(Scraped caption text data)

______________________________

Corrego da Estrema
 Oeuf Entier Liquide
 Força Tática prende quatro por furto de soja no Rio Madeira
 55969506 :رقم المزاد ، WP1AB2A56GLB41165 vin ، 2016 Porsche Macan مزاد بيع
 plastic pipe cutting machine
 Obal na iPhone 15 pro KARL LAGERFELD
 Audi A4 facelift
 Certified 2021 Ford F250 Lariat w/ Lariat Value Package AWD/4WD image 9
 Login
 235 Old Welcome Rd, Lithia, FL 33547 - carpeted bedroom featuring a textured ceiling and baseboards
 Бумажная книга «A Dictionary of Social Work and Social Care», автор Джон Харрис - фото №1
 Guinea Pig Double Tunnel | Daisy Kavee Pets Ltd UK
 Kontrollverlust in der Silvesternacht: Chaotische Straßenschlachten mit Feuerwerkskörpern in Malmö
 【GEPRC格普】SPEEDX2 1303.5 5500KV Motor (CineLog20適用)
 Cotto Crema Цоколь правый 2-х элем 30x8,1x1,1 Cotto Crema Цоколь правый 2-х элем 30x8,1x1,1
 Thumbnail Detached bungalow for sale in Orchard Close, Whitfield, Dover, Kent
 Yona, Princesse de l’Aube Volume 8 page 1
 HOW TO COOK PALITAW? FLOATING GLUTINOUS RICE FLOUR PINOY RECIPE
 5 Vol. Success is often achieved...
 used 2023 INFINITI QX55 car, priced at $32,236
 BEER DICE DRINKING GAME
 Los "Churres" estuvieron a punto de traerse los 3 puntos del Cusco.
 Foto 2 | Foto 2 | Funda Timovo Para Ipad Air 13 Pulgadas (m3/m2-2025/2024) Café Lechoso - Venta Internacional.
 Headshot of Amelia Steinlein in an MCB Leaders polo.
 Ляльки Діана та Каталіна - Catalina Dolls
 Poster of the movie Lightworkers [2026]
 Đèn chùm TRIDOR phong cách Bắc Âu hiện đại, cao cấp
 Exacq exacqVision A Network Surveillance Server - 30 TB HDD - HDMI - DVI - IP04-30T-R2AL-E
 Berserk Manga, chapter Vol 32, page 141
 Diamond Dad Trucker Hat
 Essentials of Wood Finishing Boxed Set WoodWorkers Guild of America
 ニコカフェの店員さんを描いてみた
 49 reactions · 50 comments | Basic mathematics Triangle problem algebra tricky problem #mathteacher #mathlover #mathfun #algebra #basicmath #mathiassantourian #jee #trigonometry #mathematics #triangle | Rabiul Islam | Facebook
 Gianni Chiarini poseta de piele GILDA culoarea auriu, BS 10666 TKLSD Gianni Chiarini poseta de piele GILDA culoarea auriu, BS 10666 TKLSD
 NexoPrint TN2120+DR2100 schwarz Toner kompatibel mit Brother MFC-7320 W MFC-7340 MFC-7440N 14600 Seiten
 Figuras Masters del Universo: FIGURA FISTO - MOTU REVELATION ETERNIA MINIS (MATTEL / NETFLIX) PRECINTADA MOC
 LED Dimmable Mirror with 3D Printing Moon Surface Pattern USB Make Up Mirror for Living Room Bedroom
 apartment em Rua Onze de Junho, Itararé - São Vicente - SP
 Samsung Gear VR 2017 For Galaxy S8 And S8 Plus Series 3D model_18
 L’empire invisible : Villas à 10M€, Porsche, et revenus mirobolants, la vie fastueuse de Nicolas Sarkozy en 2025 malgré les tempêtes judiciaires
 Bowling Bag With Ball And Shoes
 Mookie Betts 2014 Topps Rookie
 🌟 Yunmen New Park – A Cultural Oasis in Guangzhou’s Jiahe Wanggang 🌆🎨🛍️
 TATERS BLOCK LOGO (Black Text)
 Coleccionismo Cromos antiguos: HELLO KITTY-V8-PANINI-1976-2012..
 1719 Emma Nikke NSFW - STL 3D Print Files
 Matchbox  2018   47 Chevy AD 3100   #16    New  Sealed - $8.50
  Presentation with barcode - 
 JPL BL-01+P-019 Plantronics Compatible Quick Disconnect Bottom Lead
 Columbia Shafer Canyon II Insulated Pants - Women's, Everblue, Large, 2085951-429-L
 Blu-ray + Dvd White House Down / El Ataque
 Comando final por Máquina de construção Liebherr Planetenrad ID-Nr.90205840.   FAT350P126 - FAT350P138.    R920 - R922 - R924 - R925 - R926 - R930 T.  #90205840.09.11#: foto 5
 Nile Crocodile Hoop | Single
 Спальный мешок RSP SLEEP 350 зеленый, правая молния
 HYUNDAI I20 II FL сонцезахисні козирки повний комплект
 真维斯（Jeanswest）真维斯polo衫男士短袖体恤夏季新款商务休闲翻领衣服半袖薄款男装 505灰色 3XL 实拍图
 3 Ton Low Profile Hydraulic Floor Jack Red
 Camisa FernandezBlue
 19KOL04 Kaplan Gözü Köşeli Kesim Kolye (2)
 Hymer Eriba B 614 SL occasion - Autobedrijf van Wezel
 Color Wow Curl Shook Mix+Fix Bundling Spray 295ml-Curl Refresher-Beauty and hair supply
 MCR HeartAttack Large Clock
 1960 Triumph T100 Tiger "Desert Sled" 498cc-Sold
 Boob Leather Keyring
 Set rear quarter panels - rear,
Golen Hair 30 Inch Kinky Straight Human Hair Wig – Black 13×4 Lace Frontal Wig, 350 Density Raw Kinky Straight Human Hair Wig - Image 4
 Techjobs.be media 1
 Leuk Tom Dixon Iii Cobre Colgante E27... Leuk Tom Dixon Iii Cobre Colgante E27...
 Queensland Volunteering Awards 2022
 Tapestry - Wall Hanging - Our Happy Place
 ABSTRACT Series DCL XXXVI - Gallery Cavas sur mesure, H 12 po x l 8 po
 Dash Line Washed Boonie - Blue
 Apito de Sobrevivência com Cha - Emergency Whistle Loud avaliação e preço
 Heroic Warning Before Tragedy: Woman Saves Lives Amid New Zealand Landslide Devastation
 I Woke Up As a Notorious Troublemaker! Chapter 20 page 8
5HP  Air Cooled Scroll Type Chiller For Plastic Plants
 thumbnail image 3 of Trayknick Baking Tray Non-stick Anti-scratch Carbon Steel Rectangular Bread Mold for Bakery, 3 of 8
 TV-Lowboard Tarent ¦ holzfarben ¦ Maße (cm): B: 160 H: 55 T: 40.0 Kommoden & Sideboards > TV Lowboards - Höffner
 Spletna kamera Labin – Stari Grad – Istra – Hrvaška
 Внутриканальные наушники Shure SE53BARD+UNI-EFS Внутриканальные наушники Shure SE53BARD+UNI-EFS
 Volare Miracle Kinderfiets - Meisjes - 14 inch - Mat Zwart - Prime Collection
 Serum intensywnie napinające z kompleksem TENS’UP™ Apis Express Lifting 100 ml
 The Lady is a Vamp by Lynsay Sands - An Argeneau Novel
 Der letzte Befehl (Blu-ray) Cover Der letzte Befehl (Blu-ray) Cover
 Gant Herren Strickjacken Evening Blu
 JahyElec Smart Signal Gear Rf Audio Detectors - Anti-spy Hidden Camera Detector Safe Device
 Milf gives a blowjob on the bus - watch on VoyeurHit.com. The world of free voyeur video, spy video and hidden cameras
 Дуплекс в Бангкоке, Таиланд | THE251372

______________________________

Only an exact transcription of all the entries will do.

Corrego da Estrema
 Oeuf Entier Liquide
 Força Tática prende quatro por furto de soja no Rio Madeira
 55969506 :رقم المزاد ، WP1AB2A56GLB41165 vin ، 2016 Porsche Macan مزاد بيع
 plastic pipe cutting machine
 Obal na iPhone 15 pro KARL LAGERFELD
 Audi A4 facelift
 Certified 2021 Ford F250 Lariat w/ Lariat Value Package AWD/4WD image 9
 Login
 235 Old Welcome Rd, Lithia, FL 33547 - carpeted bedroom featuring a textured ceiling and baseboards
 Бумажная книга «A Dictionary of Social Work and Social Care», автор Джон Харрис - фото №1
 Guinea Pig Double Tunnel | Daisy Kavee Pets Ltd UK
 Kontrollverlust in der Silvesternacht: Chaotische Straßenschlachten mit Feuerwerkskörpern in Malmö
 【GEPRC格普】SPEEDX2 1303.5 5500KV Motor (CineLog20適用)
 Cotto Crema Цоколь правый 2-х элем 30x8,1x1,1 Cotto Crema Цоколь правый 2-х элем 30x8,1x1,1
 Thumbnail Detached bungalow for sale in Orchard Close, Whitfield, Dover, Kent
 Yona, Princesse de l’Aube Volume 8 page 1
 HOW TO COOK PALITAW? FLOATING GLUTINOUS RICE FLOUR PINOY RECIPE
 5 Vol. Success is often achieved...
 used 2023 INFINITI QX55 car, priced at $32,236
 BEER DICE DRINKING GAME
 Los "Churres" estuvieron a punto de traerse los 3 puntos del Cusco.
 Foto 2 | Foto 2 | Funda Timovo Para Ipad Air 13 Pulgadas (m3/m2-2025/2024) Café Lechoso - Venta Internacional.
 Headshot of Amelia Steinlein in an MCB Leaders polo.
 Ляльки Діана та Каталіна - Catalina Dolls
 Poster of the movie Lightworkers [2026]
 Đèn chùm TRIDOR phong cách Bắc Âu hiện đại, cao cấp
 Exacq exacqVision A Network Surveillance Server - 30 TB HDD - HDMI - DVI - IP04-30T-R2AL-E
 Berserk Manga, chapter Vol 32, page 141
 Diamond Dad Trucker Hat
 Essentials of Wood Finishing Boxed Set WoodWorkers Guild of America
 ニコカフェの店員さんを描いてみた
 49 reactions · 50 comments | Basic mathematics Triangle problem algebra tricky problem #mathteacher #mathlover #mathfun #algebra #basicmath #mathiassantourian #jee #trigonometry #mathematics #triangle | Rabiul Islam | Facebook
 Gianni Chiarini poseta de piele GILDA culoarea auriu, BS 10666 TKLSD Gianni Chiarini poseta de piele GILDA culoarea auriu, BS 10666 TKLSD
 NexoPrint TN2120+DR2100 schwarz Toner kompatibel mit Brother MFC-7320 W MFC-7340 MFC-7440N 14600 Seiten
 Figuras Masters del Universo: FIGURA FISTO - MOTU REVELATION ETERNIA MINIS (MATTEL / NETFLIX) PRECINTADA MOC
 LED Dimmable Mirror with 3D Printing Moon Surface Pattern USB Make Up Mirror for Living Room Bedroom
 apartment em Rua Onze de Junho, Itararé - São Vicente - SP
 Samsung Gear VR 2017 For Galaxy S8 And S8 Plus Series 3D model_18
 L’empire invisible : Villas à 10M€, Porsche, et revenus mirobolants, la vie fastueuse de Nicolas Sarkozy en 2025 malgré les tempêtes judiciaires
 Bowling Bag With Ball And Shoes
 Mookie Betts 2014 Topps Rookie
 🌟 Yunmen New Park – A Cultural Oasis in Guangzhou’s Jiahe Wanggang 🌆🎨🛍️
 TATERS BLOCK LOGO (Black Text)
 Coleccionismo Cromos antiguos: HELLO KITTY-V8-PANINI-1976-2012..
 1719 Emma Nikke NSFW - STL 3D Print Files
 Matchbox  2018   47 Chevy AD 3100   #16    New  Sealed - $8.50
  Presentation with barcode - 
 JPL BL-01+P-019 Plantronics Compatible Quick Disconnect Bottom Lead
 Columbia Shafer Canyon II Insulated Pants - Women's, Everblue, Large, 2085951-429-L
 Blu-ray + Dvd White House Down / El Ataque
 Comando final por Máquina de construção Liebherr Planetenrad ID-Nr.90205840.   FAT350P126 - FAT350P138.    R920 - R922 - R924 - R925 - R926 - R930 T.  #90205840.09.11#: foto 5
 Nile Crocodile Hoop | Single
 Спальный мешок RSP SLEEP 350 зеленый, правая молния
 HYUNDAI I20 II FL сонцезахисні козирки повний комплект
 真维斯（Jeanswest）真维斯polo衫男士短袖体恤夏季新款商务休闲翻领衣服半袖薄款男装 505灰色 3XL 实拍图
 3 Ton Low Profile Hydraulic Floor Jack Red
 Camisa FernandezBlue
 19KOL04 Kaplan Gözü Köşeli Kesim Kolye (2)
 Hymer Eriba B 614 SL occasion - Autobedrijf van Wezel
 Color Wow Curl Shook Mix+Fix Bundling Spray 295ml-Curl Refresher-Beauty and hair supply
 MCR HeartAttack Large Clock
 1960 Triumph T100 Tiger "Desert Sled" 498cc-Sold
 Boob Leather Keyring
 Set rear quarter panels - rear,
Golen Hair 30 Inch Kinky Straight Human Hair Wig – Black 13×4 Lace Frontal Wig, 350 Density Raw Kinky Straight Human Hair Wig - Image 4
 Techjobs.be media 1
 Leuk Tom Dixon Iii Cobre Colgante E27... Leuk Tom Dixon Iii Cobre Colgante E27...
 Queensland Volunteering Awards 2022
 Tapestry - Wall Hanging - Our Happy Place
 ABSTRACT Series DCL XXXVI - Gallery Cavas sur mesure, H 12 po x l 8 po
 Dash Line Washed Boonie - Blue
 Apito de Sobrevivência com Cha - Emergency Whistle Loud avaliação e preço
 Heroic Warning Before Tragedy: Woman Saves Lives Amid New Zealand Landslide Devastation
 I Woke Up As a Notorious Troublemaker! Chapter 20 page 8
5HP  Air Cooled Scroll Type Chiller For Plastic Plants
 thumbnail image 3 of Trayknick Baking Tray Non-stick Anti-scratch Carbon Steel Rectangular Bread Mold for Bakery, 3 of 8
 TV-Lowboard Tarent ¦ holzfarben ¦ Maße (cm): B: 160 H: 55 T: 40.0 Kommoden & Sideboards > TV Lowboards - Höffner
 Spletna kamera Labin – Stari Grad – Istra – Hrvaška
 Внутриканальные наушники Shure SE53BARD+UNI-EFS Внутриканальные наушники Shure SE53BARD+UNI-EFS
 Volare Miracle Kinderfiets - Meisjes - 14 inch - Mat Zwart - Prime Collection
 Serum intensywnie napinające z kompleksem TENS’UP™ Apis Express Lifting 100 ml
 The Lady is a Vamp by Lynsay Sands - An Argeneau Novel
 Der letzte Befehl (Blu-ray) Cover Der letzte Befehl (Blu-ray) Cover
 Gant Herren Strickjacken Evening Blu
 JahyElec Smart Signal Gear Rf Audio Detectors - Anti-spy Hidden Camera Detector Safe Device
 Milf gives a blowjob on the bus - watch on VoyeurHit.com. The world of free voyeur video, spy video and hidden cameras
 Дуплекс в Бангкоке, Таиланд | THE251372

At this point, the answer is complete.